After retiring following the 1998 World Cup, where he scored against the US in Germany's opening match, Klinsmann made an unexpected transition that would prove crucial to his future appointment in the United States. He moved to Southern California with his American wife Debbie and their children, spending more than a decade studying the American soccer landscape while building his coaching credentials. In 2004, he was named manager of the German National Team despite having no prior coaching experience. This bold gamble paid off spectacularly when he guided Germany to third place at the 2006 World Cup on home soil, earning Coach of the Year honors and revolutionizing German football with his emphasis on attacking play and youth development.
U.S. Soccer President Sunil Gulati had been pursuing Klinsmann for years, having unsuccessfully courted him after both the 2006 and 2010 World Cups. Each time, negotiations had stalled over Klinsmann's demands for greater control over the entire American soccer program, not just the national team. Grahame Jones of the Los Angeles Times, reflecting on the appointment, noted that Klinsmann brought "credentials that none of the 34 coaches who preceded him had." At the same time, Alex Ferguson, then manager of Manchester United, had called Bradley's firing "disappointing," praising the dismissed coach as "a diligent and honest worker."
The appointment represented a seismic shift in American soccer philosophy. Unlike his predecessors, Steve Sampson, Bruce Arena, and Bob Bradley, Klinsmann brought the rare combination of elite playing experience and proven coaching success at the highest levels. His vision extended far beyond the national team itself; he had already expressed interest in reshaping America's entire youth development system and establishing a coherent playing style that reflected the country's multicultural identity. Klinsmann understood that "a kid in Mexico might do 20 hours of soccer a week - 4 training and 14 playing around with his buddies in the street," and he was determined to bridge that developmental gap.
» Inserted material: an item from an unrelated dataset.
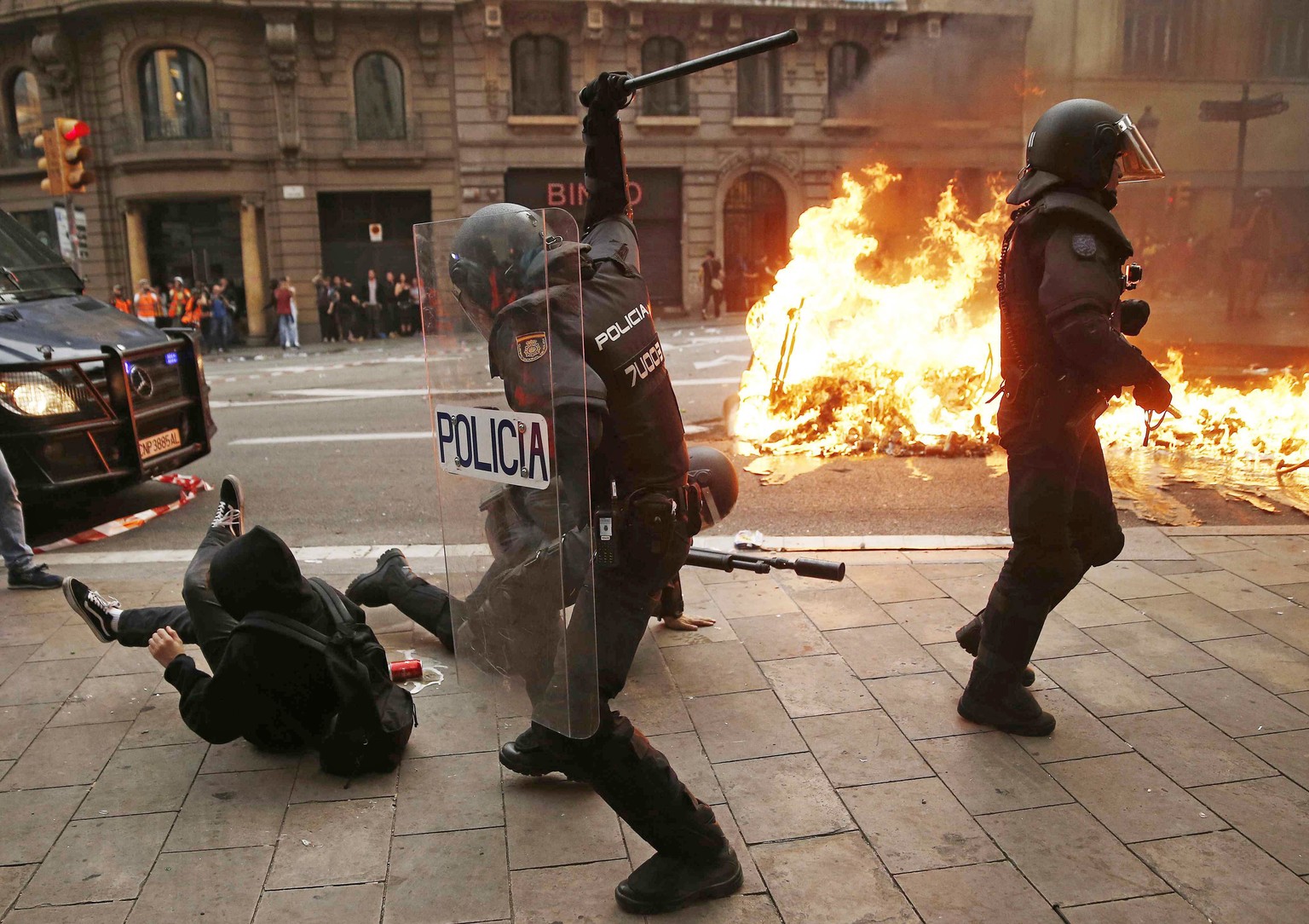 epa07930951 Spanish riot police disperse protesters as thousands of people take part in one of the so-called 'Marches for Freedom' in Barcelona, Spain, 18 October 2019. Catalonia region live ...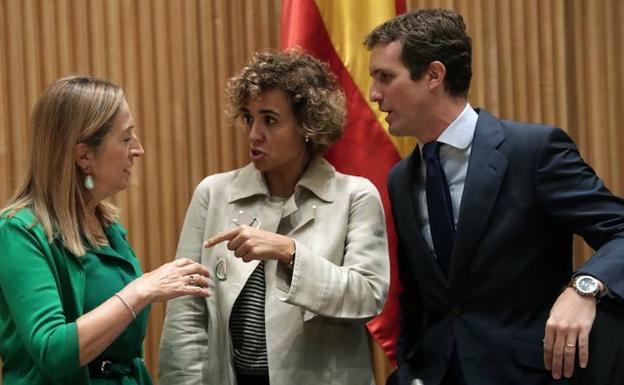 Casado corrige a Pastor sobre la presencia de Torra en el Congreso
When Klinsmann was introduced at a press conference in New York on August 1, he made clear his ambitious goals for American soccer. "There is nothing wrong with this team," he declared, expressing confidence in the foundation that had been built over the previous two decades. But he also acknowledged the magnitude of the challenge ahead, noting that developing a distinctive American style of play would require examining everything "from youth soccer to college, which is a model different from anywhere in the world."
Klinsmann's combination of international credibility, American residency, and transformational vision positioned him to tackle what many saw as the most difficult challenge in his storied career. The 2014 World Cup in Brazil was just three years away, with regional qualifying set to begin in 2012. His first test would come immediately - a friendly against Mexico on August 10 in Philadelphia, the same opponent that had exposed the limitations of American soccer just weeks earlier. As his former assistant Joachim Löw predicted, "The way we know Jürgen, he'll go into the job with power and shake up a lot of things." For American soccer, that shake-up couldn't come soon enough.